Caption-style text data
BEGIN

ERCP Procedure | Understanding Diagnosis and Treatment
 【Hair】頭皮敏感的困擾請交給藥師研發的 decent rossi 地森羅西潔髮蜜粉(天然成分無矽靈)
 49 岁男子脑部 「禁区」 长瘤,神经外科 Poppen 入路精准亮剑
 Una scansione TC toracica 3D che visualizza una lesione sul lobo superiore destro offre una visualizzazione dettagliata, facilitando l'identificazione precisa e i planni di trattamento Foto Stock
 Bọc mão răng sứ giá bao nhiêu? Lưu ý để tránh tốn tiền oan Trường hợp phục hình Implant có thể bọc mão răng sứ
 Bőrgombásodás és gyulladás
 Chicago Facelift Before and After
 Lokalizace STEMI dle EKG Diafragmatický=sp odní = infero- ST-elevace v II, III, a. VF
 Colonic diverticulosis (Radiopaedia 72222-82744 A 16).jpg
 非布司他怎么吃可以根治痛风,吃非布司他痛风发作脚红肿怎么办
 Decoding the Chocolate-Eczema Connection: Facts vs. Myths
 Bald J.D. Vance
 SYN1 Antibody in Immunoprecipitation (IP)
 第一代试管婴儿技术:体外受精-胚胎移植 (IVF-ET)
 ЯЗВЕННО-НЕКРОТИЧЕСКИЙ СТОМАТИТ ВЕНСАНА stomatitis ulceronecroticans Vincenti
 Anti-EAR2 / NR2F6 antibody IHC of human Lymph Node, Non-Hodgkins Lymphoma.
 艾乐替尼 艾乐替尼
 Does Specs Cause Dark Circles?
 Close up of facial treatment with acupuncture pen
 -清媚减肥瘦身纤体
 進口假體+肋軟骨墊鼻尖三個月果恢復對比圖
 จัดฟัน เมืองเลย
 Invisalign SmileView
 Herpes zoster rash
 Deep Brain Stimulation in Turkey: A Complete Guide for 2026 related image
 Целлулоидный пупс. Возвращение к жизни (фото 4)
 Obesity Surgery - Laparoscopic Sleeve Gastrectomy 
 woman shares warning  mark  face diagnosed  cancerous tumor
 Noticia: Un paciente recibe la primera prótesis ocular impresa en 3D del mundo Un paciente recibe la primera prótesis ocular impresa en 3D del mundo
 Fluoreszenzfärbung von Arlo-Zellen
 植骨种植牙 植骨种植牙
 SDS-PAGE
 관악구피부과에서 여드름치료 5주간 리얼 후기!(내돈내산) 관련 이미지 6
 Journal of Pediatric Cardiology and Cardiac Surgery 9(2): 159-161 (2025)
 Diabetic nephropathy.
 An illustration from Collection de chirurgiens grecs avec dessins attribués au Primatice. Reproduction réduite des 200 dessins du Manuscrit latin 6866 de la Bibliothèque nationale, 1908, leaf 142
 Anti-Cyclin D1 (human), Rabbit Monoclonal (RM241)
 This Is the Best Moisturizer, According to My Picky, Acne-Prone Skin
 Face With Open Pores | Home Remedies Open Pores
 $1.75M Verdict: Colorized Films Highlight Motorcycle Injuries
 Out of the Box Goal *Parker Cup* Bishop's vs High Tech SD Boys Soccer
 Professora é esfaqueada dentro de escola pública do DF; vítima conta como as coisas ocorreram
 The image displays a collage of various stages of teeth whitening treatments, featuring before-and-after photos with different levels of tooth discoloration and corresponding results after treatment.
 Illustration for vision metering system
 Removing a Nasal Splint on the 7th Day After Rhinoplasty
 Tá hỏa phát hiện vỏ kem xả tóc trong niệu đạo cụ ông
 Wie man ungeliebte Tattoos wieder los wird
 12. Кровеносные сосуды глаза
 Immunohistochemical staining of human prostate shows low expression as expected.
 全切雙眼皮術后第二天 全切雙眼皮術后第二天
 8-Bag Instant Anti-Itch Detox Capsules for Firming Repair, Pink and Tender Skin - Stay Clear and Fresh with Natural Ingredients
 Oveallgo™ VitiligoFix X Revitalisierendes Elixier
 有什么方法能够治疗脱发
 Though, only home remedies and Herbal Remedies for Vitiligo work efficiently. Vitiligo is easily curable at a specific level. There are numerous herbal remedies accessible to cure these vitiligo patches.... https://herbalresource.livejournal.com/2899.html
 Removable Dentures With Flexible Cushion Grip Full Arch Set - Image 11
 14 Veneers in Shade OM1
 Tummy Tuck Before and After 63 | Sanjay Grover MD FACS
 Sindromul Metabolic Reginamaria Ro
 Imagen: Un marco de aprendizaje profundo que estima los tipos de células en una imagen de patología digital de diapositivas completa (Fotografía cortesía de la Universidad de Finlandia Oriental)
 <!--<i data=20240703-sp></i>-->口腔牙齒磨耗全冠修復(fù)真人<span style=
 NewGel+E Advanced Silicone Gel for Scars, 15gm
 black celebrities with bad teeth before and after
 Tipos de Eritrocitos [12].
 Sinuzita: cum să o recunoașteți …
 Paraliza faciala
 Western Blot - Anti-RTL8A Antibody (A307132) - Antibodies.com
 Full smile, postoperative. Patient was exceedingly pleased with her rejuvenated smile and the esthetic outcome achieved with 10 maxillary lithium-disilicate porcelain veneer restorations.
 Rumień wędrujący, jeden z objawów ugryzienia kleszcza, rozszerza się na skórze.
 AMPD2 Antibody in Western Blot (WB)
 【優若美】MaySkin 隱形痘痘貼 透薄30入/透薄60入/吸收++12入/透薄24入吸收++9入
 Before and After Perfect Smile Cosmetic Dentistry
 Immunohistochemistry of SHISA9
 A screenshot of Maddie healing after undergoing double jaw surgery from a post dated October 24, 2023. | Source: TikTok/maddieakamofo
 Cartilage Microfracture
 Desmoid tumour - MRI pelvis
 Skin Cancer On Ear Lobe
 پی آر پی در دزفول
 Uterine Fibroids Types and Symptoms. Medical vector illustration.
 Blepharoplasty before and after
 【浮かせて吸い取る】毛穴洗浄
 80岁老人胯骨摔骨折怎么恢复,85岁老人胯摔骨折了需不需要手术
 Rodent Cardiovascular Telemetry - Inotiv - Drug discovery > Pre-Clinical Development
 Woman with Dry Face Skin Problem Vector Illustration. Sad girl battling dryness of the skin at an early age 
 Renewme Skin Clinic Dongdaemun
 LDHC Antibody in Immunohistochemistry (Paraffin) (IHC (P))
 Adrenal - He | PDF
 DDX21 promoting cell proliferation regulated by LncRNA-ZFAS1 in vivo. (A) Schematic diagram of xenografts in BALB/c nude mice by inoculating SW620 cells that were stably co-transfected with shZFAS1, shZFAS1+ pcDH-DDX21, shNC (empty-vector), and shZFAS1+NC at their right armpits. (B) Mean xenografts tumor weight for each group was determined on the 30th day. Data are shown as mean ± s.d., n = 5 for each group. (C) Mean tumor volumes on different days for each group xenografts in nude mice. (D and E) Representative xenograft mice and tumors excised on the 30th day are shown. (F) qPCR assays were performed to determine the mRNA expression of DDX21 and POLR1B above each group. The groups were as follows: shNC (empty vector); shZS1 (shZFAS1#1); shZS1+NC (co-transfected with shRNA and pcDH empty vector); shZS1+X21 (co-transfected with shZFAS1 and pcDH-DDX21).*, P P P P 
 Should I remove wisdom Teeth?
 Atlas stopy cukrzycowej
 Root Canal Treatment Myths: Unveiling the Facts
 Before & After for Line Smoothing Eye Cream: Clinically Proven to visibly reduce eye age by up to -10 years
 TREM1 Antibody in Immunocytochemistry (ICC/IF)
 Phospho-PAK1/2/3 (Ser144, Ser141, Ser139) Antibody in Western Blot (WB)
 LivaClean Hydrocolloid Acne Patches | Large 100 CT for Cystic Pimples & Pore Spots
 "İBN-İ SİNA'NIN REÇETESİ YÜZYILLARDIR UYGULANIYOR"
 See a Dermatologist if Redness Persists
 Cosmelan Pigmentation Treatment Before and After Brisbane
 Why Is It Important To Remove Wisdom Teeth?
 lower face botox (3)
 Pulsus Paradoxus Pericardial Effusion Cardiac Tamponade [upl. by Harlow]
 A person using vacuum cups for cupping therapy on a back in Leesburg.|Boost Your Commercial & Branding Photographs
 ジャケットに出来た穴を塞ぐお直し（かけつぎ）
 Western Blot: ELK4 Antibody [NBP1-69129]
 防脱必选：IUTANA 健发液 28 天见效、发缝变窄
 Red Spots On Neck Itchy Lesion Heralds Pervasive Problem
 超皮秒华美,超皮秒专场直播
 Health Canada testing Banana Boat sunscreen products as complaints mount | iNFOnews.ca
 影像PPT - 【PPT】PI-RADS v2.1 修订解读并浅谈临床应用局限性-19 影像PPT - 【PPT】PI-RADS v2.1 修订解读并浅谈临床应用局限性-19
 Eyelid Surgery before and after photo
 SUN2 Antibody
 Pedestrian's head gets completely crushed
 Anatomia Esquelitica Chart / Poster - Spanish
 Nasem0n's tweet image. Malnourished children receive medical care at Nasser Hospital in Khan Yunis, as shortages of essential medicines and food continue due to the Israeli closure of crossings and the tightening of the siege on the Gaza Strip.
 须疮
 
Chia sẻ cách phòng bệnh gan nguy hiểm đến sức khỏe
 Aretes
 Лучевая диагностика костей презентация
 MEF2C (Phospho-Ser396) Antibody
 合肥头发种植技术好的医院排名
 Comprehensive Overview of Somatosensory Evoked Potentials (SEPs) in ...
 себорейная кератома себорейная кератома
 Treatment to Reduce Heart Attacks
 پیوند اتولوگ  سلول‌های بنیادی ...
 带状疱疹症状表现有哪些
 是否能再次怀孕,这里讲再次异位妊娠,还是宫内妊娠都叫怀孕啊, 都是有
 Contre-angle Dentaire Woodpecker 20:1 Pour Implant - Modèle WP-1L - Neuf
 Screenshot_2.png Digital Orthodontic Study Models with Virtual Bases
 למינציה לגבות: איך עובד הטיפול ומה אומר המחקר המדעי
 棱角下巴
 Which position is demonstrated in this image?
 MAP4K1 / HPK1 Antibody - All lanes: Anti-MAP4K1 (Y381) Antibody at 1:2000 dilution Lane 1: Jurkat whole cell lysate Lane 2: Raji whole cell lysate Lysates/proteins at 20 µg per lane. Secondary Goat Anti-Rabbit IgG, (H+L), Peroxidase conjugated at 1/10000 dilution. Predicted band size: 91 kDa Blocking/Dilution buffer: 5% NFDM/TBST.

END

#### [WHAT IS BEING ASKED]
Repeat the entries above verbatim, but only from the line that has "非布司他怎么吃可以根治痛风,吃非布司他痛风发作脚红肿怎么办" down to the line that has "Diabetic nephropathy.", inclusive.

#### [WRITTEN ANSWER]
 非布司他怎么吃可以根治痛风,吃非布司他痛风发作脚红肿怎么办
 Decoding the Chocolate-Eczema Connection: Facts vs. Myths
 Bald J.D. Vance
 SYN1 Antibody in Immunoprecipitation (IP)
 第一代试管婴儿技术:体外受精-胚胎移植 (IVF-ET)
 ЯЗВЕННО-НЕКРОТИЧЕСКИЙ СТОМАТИТ ВЕНСАНА stomatitis ulceronecroticans Vincenti
 Anti-EAR2 / NR2F6 antibody IHC of human Lymph Node, Non-Hodgkins Lymphoma.
 艾乐替尼 艾乐替尼
 Does Specs Cause Dark Circles?
 Close up of facial treatment with acupuncture pen
 -清媚减肥瘦身纤体
 進口假體+肋軟骨墊鼻尖三個月果恢復對比圖
 จัดฟัน เมืองเลย
 Invisalign SmileView
 Herpes zoster rash
 Deep Brain Stimulation in Turkey: A Complete Guide for 2026 related image
 Целлулоидный пупс. Возвращение к жизни (фото 4)
 Obesity Surgery - Laparoscopic Sleeve Gastrectomy 
 woman shares warning  mark  face diagnosed  cancerous tumor
 Noticia: Un paciente recibe la primera prótesis ocular impresa en 3D del mundo Un paciente recibe la primera prótesis ocular impresa en 3D del mundo
 Fluoreszenzfärbung von Arlo-Zellen
 植骨种植牙 植骨种植牙
 SDS-PAGE
 관악구피부과에서 여드름치료 5주간 리얼 후기!(내돈내산) 관련 이미지 6
 Journal of Pediatric Cardiology and Cardiac Surgery 9(2): 159-161 (2025)
 Diabetic nephropathy.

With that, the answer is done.